1. Frédéric Masson, Joséphine de Beauharnais, Paris, Albin Michel, 1925, p. XXXIX.
2. En 1852, Napoléon  III fit ériger une statue à la plus illustre des Martiniquaises. Œuvre du sculpteur Vital-Dubray et inaugurée le 29 août 1859, elle trôna longtemps au centre du jardin de la Savane à Fort-de-France. En 1974, la municipalité d'Aimé Césaire la relégua pour des raisons politiques dans une partie plus discrète du jardin. Dix-sept ans plus tard, dans la nuit du 27 septembre 1991, elle fut outragée et, malgré son inscription le 31  décembre 1992 à l'Inventaire supplémentaire des monuments nationaux, aucune restauration n'a été entreprise depuis. Une réplique de cette statue commandée par la ville de Paris et terminée en 1865 fut installée à l'angle actuel de l'avenue Marceau et de la rue Galilée. En 1870, elle fut remisée, avant d'être exposée au Petit Palais. A la demande du mécène Edward Tuck, la ville de Paris accepta de la laisser en dépôt en 1930 dans le parc de Bois-Préau, autrefois dépendance du domaine de Malmaison, dont Tuck avait fait don à l'Etat.
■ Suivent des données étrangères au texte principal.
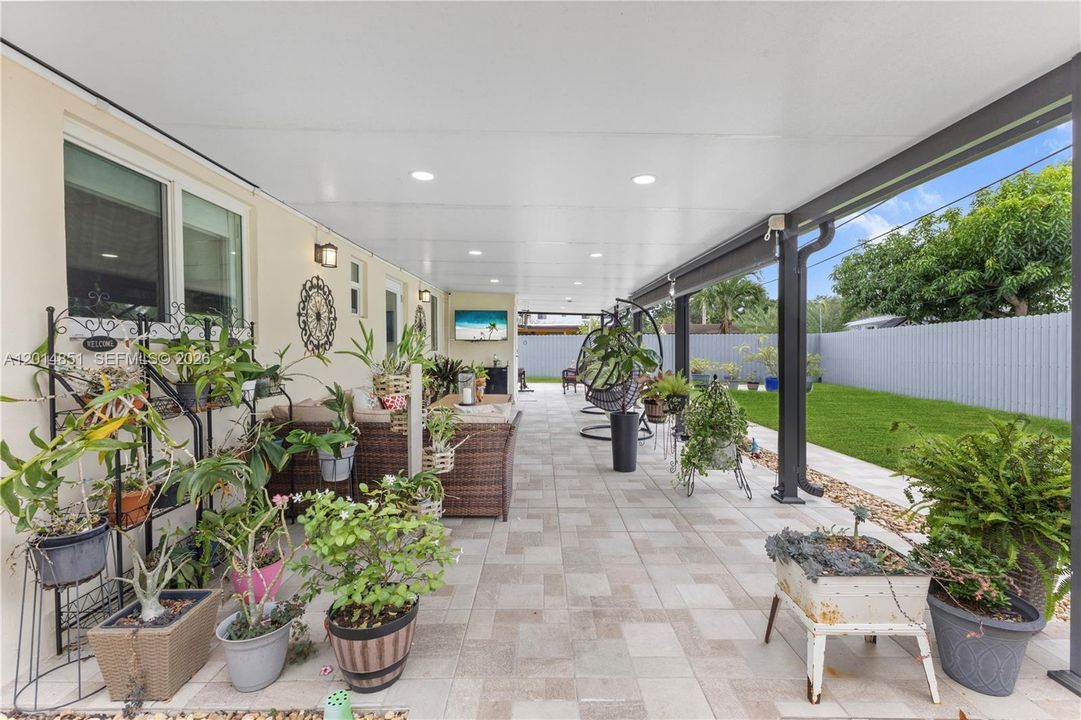 Active With Contract: $729,000 (4 beds, 2 baths, 1610 Square Feet)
Cette copie se trouve toujours à l'entrée du parc.
3. Jean Tulard, Détective de l'histoire, Paris, Ecriture, 2012.
4. Joséphine, Correspondance, Paris, Payot, 1996.
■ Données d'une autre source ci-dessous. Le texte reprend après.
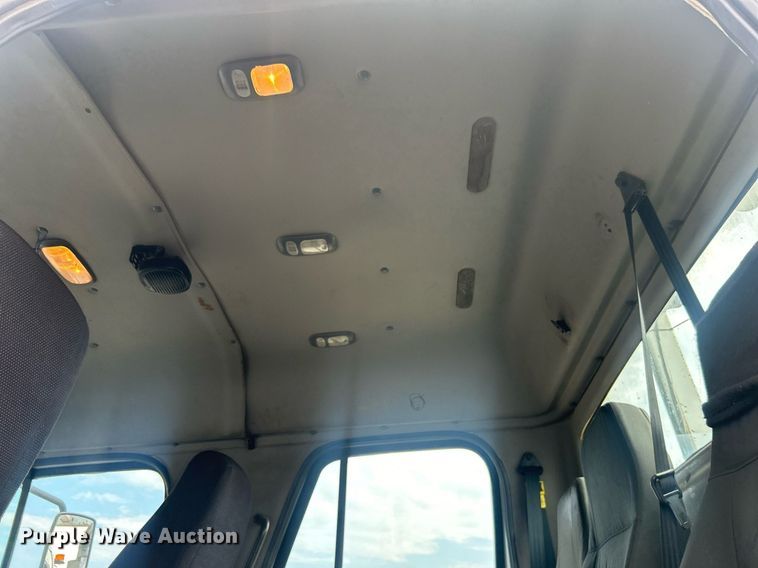 image for item EG1004 2007 Freightliner  Business Class M2 crane truck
5. Voir par exemple notre ouvrage, Le Prix de la gloire. Napoléon et l'argent, Paris, Fayard, 2007.
6. Voir notre ouvrage Napoléon et ses hommes. La Maison de l'empereur, Paris, Fayard, 2011.
7. Voir à ce sujet l'excellente étude sur le « Cygne ambigu », dans le catalogue L'Aigle et le Papillon, symboles des pouvoirs sous Napoléon, 1800-1815, Les Arts décoratifs, 2008, pp. 82 et 83. 8. Il est parfois question aussi de la « théorie du cygne noir » popularisée par Nassim Nicholas Taleb dans son ouvrage, Le Cygne noir, Paris, Les Belles Lettres, 2007.